Dans la foule souvent je me protège. Je n’ai pas l’élégance de la cigarette. J’ai le refuge du livre, que je brandis sous mes yeux de myope, le dos droit dans les files d’attente. Je crois que j’aime cet isolement de la lecture, éminemment solitaire, signal de mon isolement (voulu/supporté) dans les allées des cinémas et les queues des concerts. Samedi, j’allais à l’un d’entre eux – le premier depuis longtemps – vers Pigalle et Anvers. La foule se longeait au mur, pleine d’hommes de mon âge, habillés peut-être comme moi. Eux s’emmitouflaient déjà dans les chèches de l’hiver, pincés du doigt sous le menton pour les faire bouffer frileusement autour du plaisir du regard en coin. J’avais mis une de ces vestes qui me font croire que je descends de cheval. Entre eux, il y avait des filles, qui les accompagnaient parce que les chanteurs québécois c’est toujours mignon. J’ai longtemps regardé l’un d’entre eux plus tard, assis sur la banquette en bois de la salle ; il m’a peut-être un peu aperçu. Je crois.


Plus tôt, certains d’entre eux marchaient devant moi sur le boulevard. Ils étaient grands, tour à tour chacun me rappelait d’une certaine façon E***. Ma mémoire s’effile aux coutures des vestes ces temps-ci, et s’accroche aux moindres choses, tant elle me pèse. Celui de droite avait sa main qui ne poussait pas, mais suivait à plat le dos de son amant, à quelques centimètres écartée de la colonne vertébrale. Comme une ombre aimante aux passages des rues. Je l’ai beaucoup aimé pour cela. Cette protection douce et attentive, qui n’effleure pas mais se sent cependant, dans les humbles aléas de la chaleur et du soir.

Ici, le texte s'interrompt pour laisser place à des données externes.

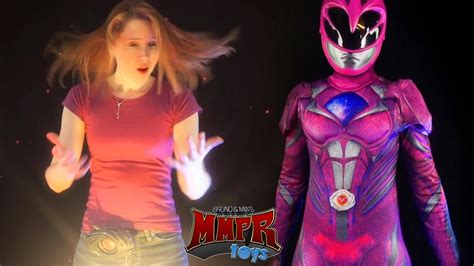 Specialty Costume, Reenactment & Theater Apparel Pink Ranger Saban Power Rangers Movie Fancy ...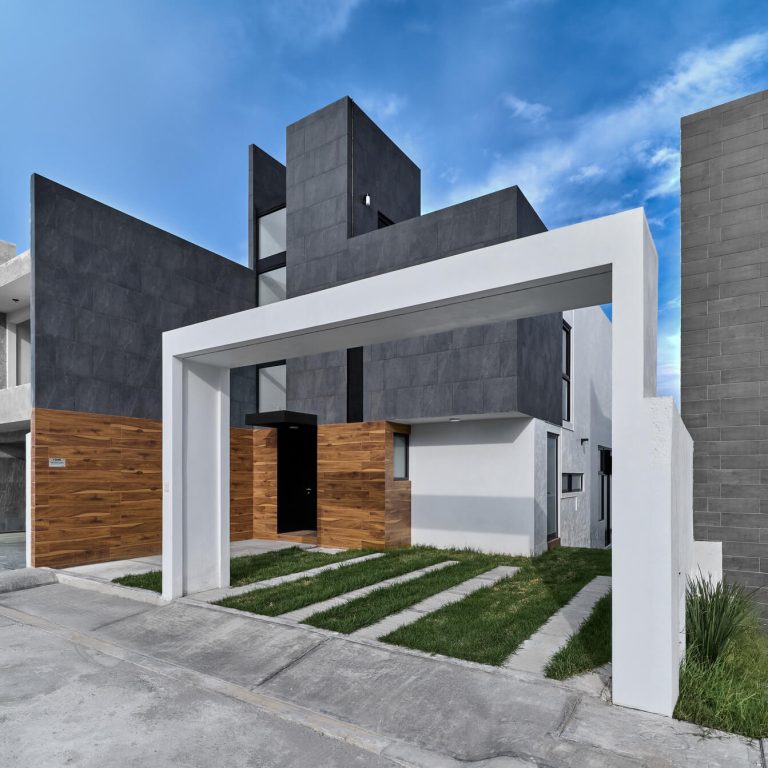 Fachada. Casa V8 por Racma Arquitectura en Estado de México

Je pensais tout à l’heure, rentrant sous la nuit, qu’il y avait un garde-manger, de ces vieux garde-mangers aux verres polis, un peu biseautés et piteux, des années trente, avec une ou deux incrustations dans la glace qui imitent des plantes légèrement raidies par la stylisation. Dans celui-ci, il y avait quelques pots de confiture pour moi, l’un plein d’air et un peu amer, l’autre rond et trop vite avalé. J’ai fini le garde-manger, et régulièrement je rouvre les portes pour vérifier s’il n’y a pas d’autres plats pour moi. Mais il reste vide, rempli d’un air un peu pourri de bois. Sur l’une des planches, il y a les marques noircies des deux pots. Je regrette leur goût, et j’en ai régulièrement la nostalgie.


Je crois que j’en suis à une époque de regrets. Je repense, je relis. J’ai eu envie de relire Montaigne, puis je me suis dit que je n’y comprendrais guère plus que la dernière fois. Que tout ce que j’en tirerais, ce serait de me mettre à imiter son style de nouveau. Alors, je ne l’ai pas fait. J’ai souvent sommeil, comme pour m’éteindre et espérer qu’il y aura un dos contre mon ventre. Je crois que je ne pense à ça quand je ne fais pas de cauchemars.


Celui-ci était doux et beau, des garçons qu’ensuite je prends toujours contre moi l’espace d’un instant, espérant qu’ils voudront se laisser somnoler contre mon ventre. Il s’était laisser faire, surveillant pourtant l’heure, sa peau sentait la cigarette et la sueur. De ces parfums de tabac que j’aime, qui sont ronds et donnent envie de rester au lit pour le sentir dans ses cheveux. Légèrement chocolaté. Il devait se laver avec de l’argan, je pense. J’aimerais le revoir. Cela me surprendrait. J’ai désiré que l’alliance qu’il avait au doigt soit la nôtre.


Hier sur les remparts de Provins un enfant m’a pris un instant pour son père ; je l’ai laissé faire.